The 2016 paper that made object detection fully convolutional
R-FCN replaced per-region sub-networks with shared convolutions, cutting computation while keeping accuracy.

What it does R-FCN is a region-based object detector that runs almost entirely as fully-convolutional layers over the whole image. Instead of the expensive per-region processing that Fast/Faster R-CNN applied hundreds of times per image, it shares computation across all candidate regions. The result: object detection with ResNet backbones at ~0.09–0.17 seconds per image on a Titan X, scoring 77.4% mAP (ResNet-50) or 79.5% mAP (ResNet-101) on PASCAL VOC 2007.
The interesting bit The trick is making a fully-convolutional classifier work for detection at all. Classification wants translation invariance; detection needs translation variance to localize objects. R-FCN solves this with position-sensitive score maps—a set of conv filters that encode relative spatial information, pooled selectively for each region proposal. It is elegant in the way it forces the backbone to do the heavy lifting.
Key highlights
- NIPS 2016 implementation by Dai, Li, He, and Sun (the ResNet crew)
- Ships with a custom Caffe branch and pre-trained ResNet-50/101 weights
- Supports both selective-search and RPN proposals; includes OHEM training scripts
- Training runs ~13–19 hours on a Titan X depending on backbone
- MIT licensed
Caveats
- The authors themselves recommend using the newer Deformable R-FCN in MXNet instead, calling it “significantly” more accurate with “very low extra computational overhead”
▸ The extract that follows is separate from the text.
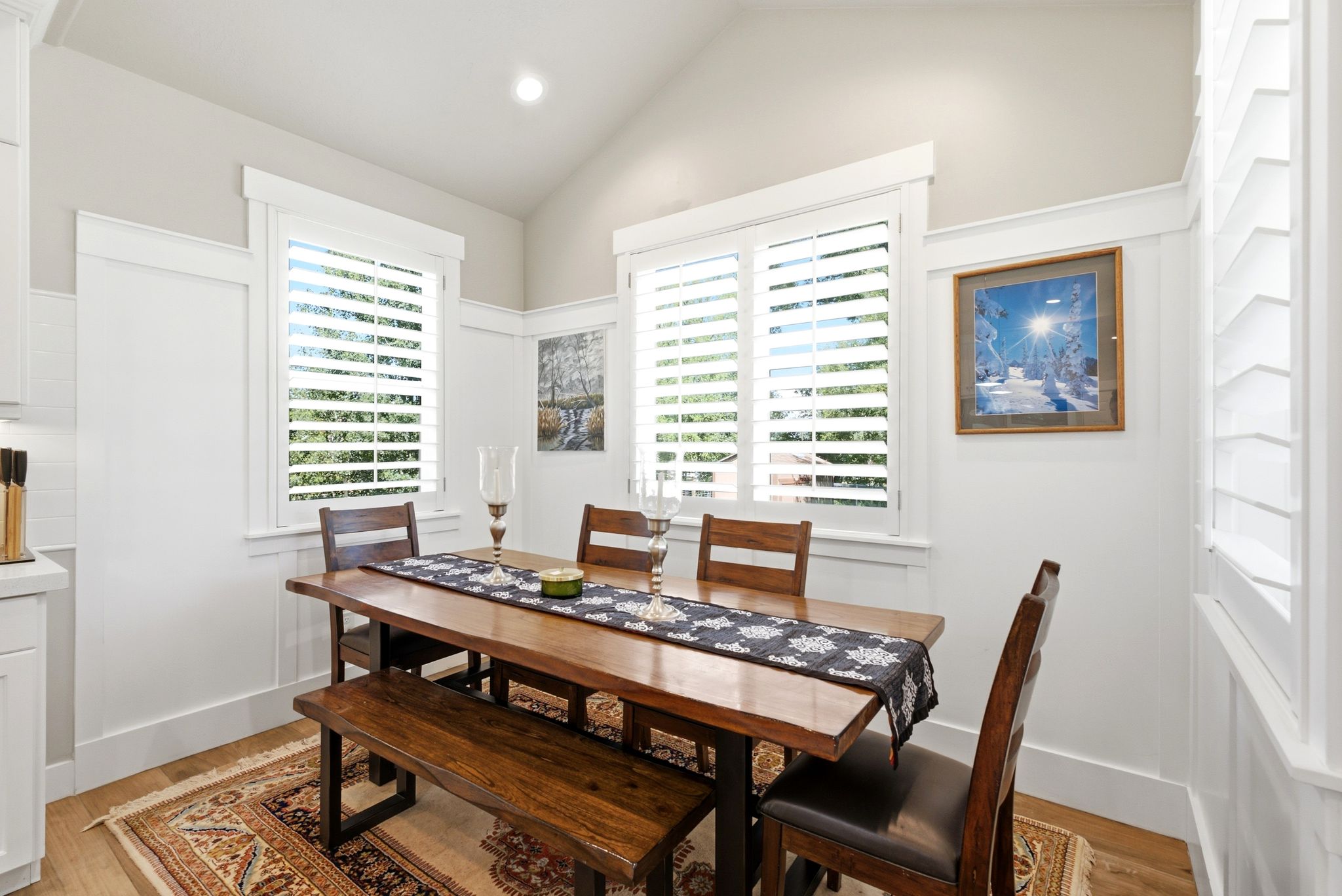 Vaulted ceiling with recessed lighting, white board and batten wainscoting, wood-finish flooring, and white plantation shutters on multiple windows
- Requires MATLAB 2014a+ and specific NVIDIA GPUs (Titan, K40, K80); Windows users get pre-built Caffe mex files, Linux users must compile
- This repo is essentially frozen research code; a Python reimplementation exists but lives elsewhere
Verdict Worth studying if you care about the design lineage from R-CNN to modern single-shot detectors, or if you need to reproduce a 2016 baseline exactly. Skip it if you want something maintained, production-ready, or Python-native.